COLLECTED MATERIAL:
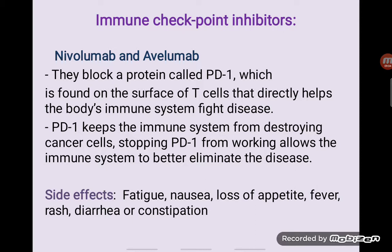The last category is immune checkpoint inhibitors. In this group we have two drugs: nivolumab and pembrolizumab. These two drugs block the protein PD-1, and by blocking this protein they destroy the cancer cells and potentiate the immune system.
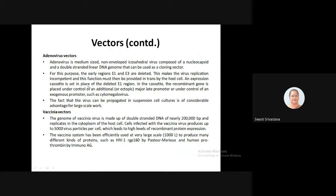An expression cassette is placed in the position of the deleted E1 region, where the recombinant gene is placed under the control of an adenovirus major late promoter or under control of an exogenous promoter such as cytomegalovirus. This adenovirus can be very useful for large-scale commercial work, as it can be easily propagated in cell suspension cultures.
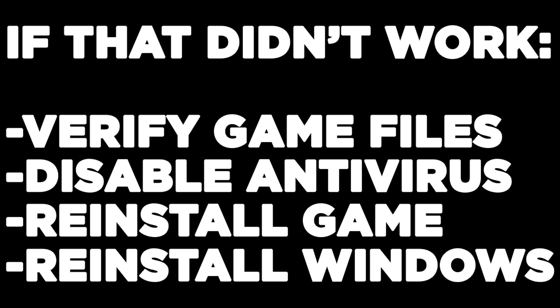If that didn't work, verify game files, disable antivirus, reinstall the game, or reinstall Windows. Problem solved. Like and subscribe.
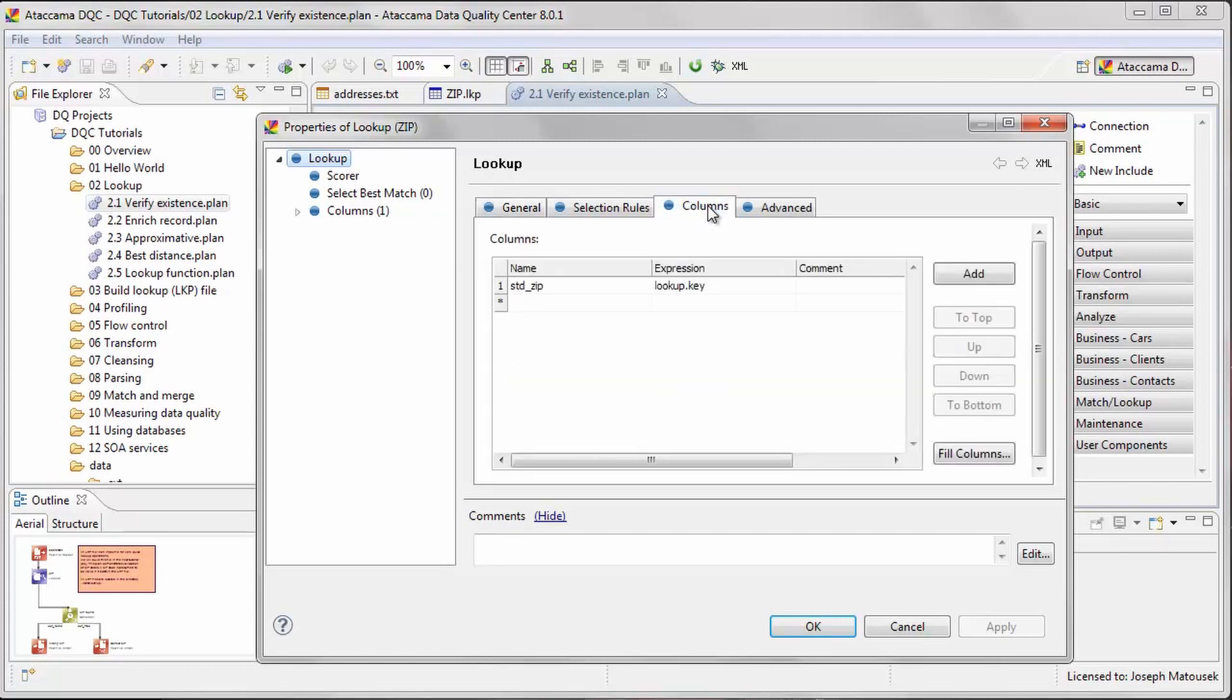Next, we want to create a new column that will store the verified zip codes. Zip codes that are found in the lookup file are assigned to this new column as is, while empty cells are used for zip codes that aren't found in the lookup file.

YOUR GOAL: The listing should be transcribed in full, exactly, and without its pictures.

TASK RESPONSE:
The last category is immune checkpoint inhibitors. In this group we have two drugs: nivolumab and pembrolizumab. These two drugs block the protein PD-1, and by blocking this protein they destroy the cancer cells and potentiate the immune system.
An expression cassette is placed in the position of the deleted E1 region, where the recombinant gene is placed under the control of an adenovirus major late promoter or under control of an exogenous promoter such as cytomegalovirus. This adenovirus can be very useful for large-scale commercial work, as it can be easily propagated in cell suspension cultures.
If that didn't work, verify game files, disable antivirus, reinstall the game, or reinstall Windows. Problem solved. Like and subscribe.
Next, we want to create a new column that will store the verified zip codes. Zip codes that are found in the lookup file are assigned to this new column as is, while empty cells are used for zip codes that aren't found in the lookup file.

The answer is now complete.